Under this line is some data; print exactly the lines from the one containing "Der DRK Ortsverein" through its last line, without pictures.

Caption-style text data
□ □ □ □ □ □ □

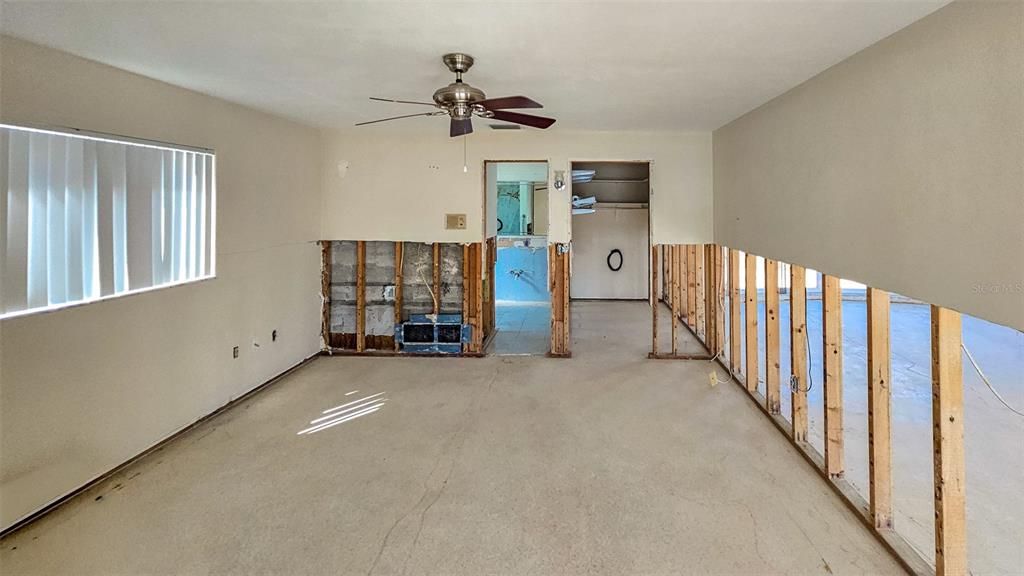 For Sale: $1,300,000 (3 beds, 2 baths, 2165 Square Feet)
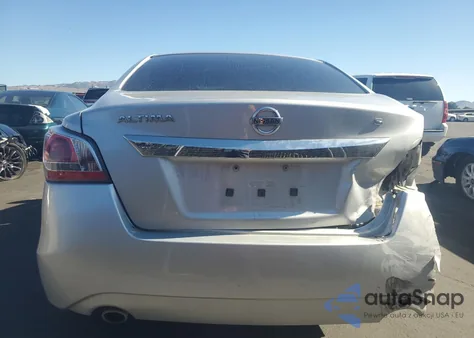 2015 Nissan Altima 2.5 z USA, uszkodzony, nr VIN 1N4AL3AP2FN324593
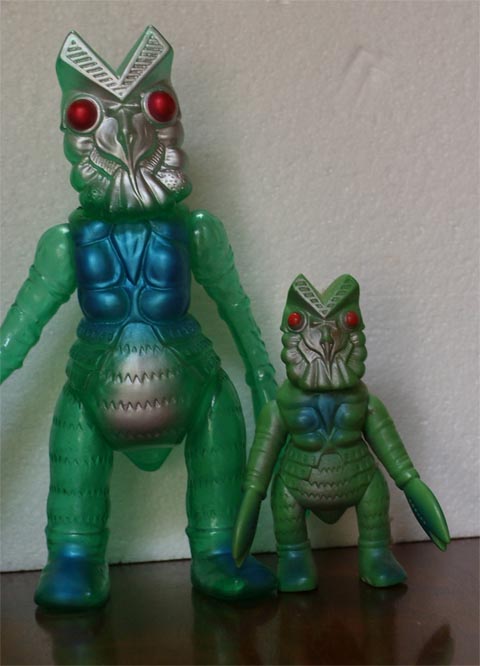 ブルマァク ミドルサイズ （ミニ怪獣シリーズ） バルタン星人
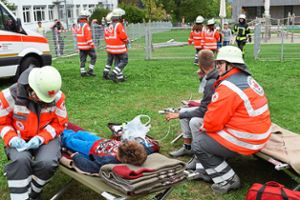Der DRK Ortsverein Mönchweiler übernimmt die Erstversorgung der Opfer. Fotos: Hettich-Marull Foto: Schwarzwälder Bote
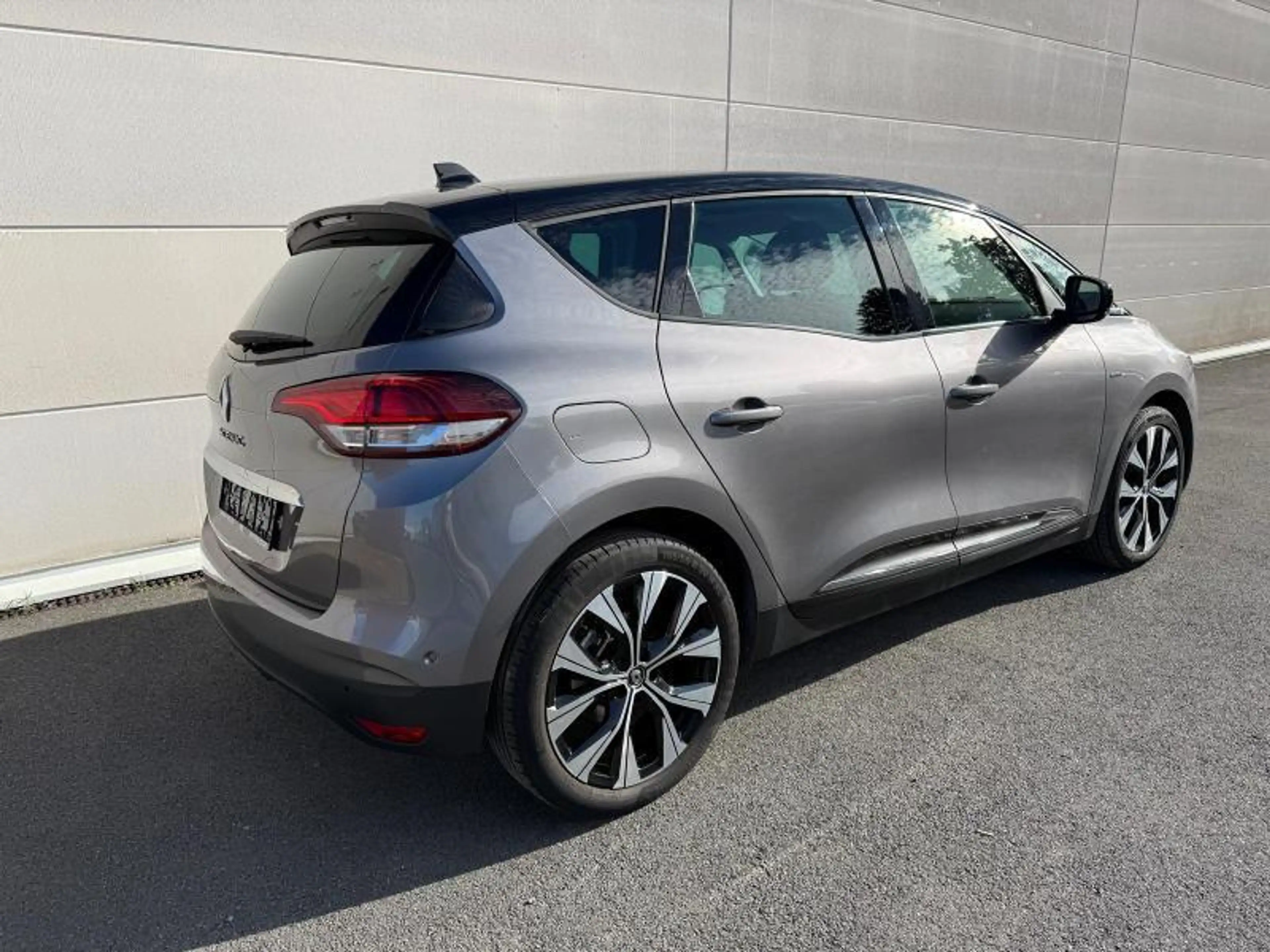 Renault Scenic Limited — photo 7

□ □ □ □ □ □ □

■ **ANSWER TO THIS TASK**:
Der DRK Ortsverein Mönchweiler übernimmt die Erstversorgung der Opfer. Fotos: Hettich-Marull Foto: Schwarzwälder Bote
 Renault Scenic Limited — photo 7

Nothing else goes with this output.